Summarising from the report paints a sad picture of the state of Germany at that time … I have left spelling and punctuation as in the report.
“As far as the manufacture of moulded buttons is concerned, it can be said that nothing of any particular importance was found during the visit to Germany.”
“The Country as a whole was found to be well up to date with Injection Moulding Machinery but behind the times with Compression Moulding … due to the fact that from 1938 onwards, no progress was made as the industry was not considered essential to the war effort.”
“… German firms are able to produce a very high class product with plant very much out of date (because) they have an abundance of well trained and highly skilled labour which, because of very low wages existing, is able to replace the use of more modern machinery. The position with the wages is that no change has been made (in 1946) since 1938.”
“… by the use of cheap labour … a potential danger existed to our export market if they should be re-opened to German competition.”
The Casein Button Trade was found … to be practically non-existent since no supplies of Casein Sheet Material were available.”
“The Horn Button Trade was likewise non-existent … one firm trying to make a few Horn Buttons merely because they had nothing else …”

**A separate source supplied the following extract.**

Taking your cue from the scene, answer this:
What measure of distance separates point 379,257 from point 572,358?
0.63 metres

“The Metal Button Industry was found to be in excellent condition … Samples of their products were brought back.”
“Wooden buttons were found being made by all and sundry. This was because of the shortage of other materials. In general their products were quite crude and were sold merely because of the great shortage of buttons.”

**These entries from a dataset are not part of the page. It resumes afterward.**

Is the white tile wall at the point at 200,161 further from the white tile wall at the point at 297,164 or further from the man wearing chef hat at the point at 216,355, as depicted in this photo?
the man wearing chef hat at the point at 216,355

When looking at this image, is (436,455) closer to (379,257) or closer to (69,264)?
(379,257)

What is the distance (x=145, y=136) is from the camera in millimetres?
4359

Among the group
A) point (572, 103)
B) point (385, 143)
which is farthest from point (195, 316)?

“As everywhere, working time is 42 hours a week, due to the low calorie value of the present ration and the exhaustion of the workers.”
“In 1942 the premises (of a MOP button factory) were taken over in order to house Russian Forced Labour which was employed in a nearby factory. The factory was found to be still in a disorderly state. .. the proprietor was making a few articles from the small stock of shells which then existed in order to sell them to buy food for himself and his family. The manufacturing process was very primitive and done entirely by hand.”
In 1945 the Russian Occupation Forces confiscated nearly all ( of a particular) firms machinery. The proprietor, however had immediately ordered new machines …(some had been delivered, but a company supplying them)..were not now in a position to deliver anymore but that when the Russians Occupation Forces had finished dismantling their factory, they hoped to be able to resume delivery again on a smaller scale.”
“The factory (of one particular firm) was partly destroyed by fire at the end of the war. The firm employed foreign forced labour which it seemed, accounted for the fire.”